Atlanta Gold Corporation Inc., a Canadian-owned subsidiary, has proposed construction of an open-pit mine and cyanide heap leach facility near the town of Atlanta in Elmore County, about 60 miles northeast of Boise. Mining supplies, including sodium cyanide, blasting agents and up to 8.5 million gallons of diesel fuel, would be transported to the mine site on a series of unpaved roads that parallel the Boise River.
Mayor Bieter said that more than two years of studying the proposal led him to conclude that the mining company’s plans for protecting the environment are grossly inadequate, given the enormity of the threat. Despite the mining company’s assertions to the contrary, open pit cyanide heap leach mining has an abysmal environmental record not only in the western United States but around the world, the mayor said.
The Boise Fire Department’s Hazardous Materials Team serves as the principal responder to fuel and chemical spills and situations involving dangerous materials throughout Southwest Idaho. Mayor Bieter said he does not believe Boise residents should be forced to foot the bill in case of an accident involving the mine.
“This river is an irreplaceable part of this city.

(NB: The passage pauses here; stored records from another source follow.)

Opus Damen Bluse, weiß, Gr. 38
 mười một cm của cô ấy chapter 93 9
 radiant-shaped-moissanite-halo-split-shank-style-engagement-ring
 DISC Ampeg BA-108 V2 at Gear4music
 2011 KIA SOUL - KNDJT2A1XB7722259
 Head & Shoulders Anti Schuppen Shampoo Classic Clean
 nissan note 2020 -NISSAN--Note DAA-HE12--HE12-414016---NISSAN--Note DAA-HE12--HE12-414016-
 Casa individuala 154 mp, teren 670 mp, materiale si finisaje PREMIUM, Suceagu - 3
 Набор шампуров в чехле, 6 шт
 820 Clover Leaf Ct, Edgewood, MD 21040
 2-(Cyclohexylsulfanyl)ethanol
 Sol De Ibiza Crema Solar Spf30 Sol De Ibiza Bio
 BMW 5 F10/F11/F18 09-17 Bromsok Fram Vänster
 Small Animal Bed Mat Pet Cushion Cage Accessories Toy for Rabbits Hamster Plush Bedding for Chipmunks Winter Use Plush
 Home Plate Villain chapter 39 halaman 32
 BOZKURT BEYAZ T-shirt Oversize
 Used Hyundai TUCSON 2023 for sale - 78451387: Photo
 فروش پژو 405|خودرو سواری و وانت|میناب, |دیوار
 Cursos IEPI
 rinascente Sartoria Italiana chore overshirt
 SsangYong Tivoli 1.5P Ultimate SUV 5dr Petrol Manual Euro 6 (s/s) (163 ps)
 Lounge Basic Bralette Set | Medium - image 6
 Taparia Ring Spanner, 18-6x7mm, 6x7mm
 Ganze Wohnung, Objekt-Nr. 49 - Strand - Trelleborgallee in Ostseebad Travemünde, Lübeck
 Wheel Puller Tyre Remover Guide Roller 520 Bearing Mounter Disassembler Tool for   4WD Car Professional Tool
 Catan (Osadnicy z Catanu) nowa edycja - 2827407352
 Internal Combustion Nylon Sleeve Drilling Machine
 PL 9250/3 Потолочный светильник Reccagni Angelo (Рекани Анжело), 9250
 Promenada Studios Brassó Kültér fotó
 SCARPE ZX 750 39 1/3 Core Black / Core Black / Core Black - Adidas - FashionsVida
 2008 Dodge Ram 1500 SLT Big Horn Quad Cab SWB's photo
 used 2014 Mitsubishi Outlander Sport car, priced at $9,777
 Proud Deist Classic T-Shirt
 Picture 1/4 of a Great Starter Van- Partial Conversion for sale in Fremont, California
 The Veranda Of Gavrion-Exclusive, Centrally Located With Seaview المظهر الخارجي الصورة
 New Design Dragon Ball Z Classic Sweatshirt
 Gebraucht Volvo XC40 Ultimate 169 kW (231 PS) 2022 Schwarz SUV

It’s where we fish; it’s where we float; it’s where our eagles and herons nest; more and more, it’s where we get our drinking water,” the mayor said. “I have concluded that the Atlanta Gold project is simply a terrible idea.”
The mayor’s proposed resolution, which will be considered by the Boise City Council on March 6, would place the council formally on record as strongly opposing the development of the cyanide heap leach mining operation near Atlanta. The resolution also calls upon the U.S. Forest Service and the State of Idaho to hold the Atlanta Gold project to the highest operational, financial, transportation and environmental standards allowed by law; and urges other Southwest Idaho local governments to go on record in opposition to the mine.
The City of Boise has no regulatory authority over the mine proposal, which is currently under review by the U.S. Forest Service and Idaho state agencies. But city officials have received more than 2,000 letters, postcards and petitions from interested citizens, almost all opposed to the mine.
Boise has achieved “Clean Cities” designation by the U.S. Department of Energy for encouraging use of alternative fuels.
In 2006, Boise became the first city in Idaho to sign the U.S. Mayors Climate Protection Agreement to limit greenhouse emissions.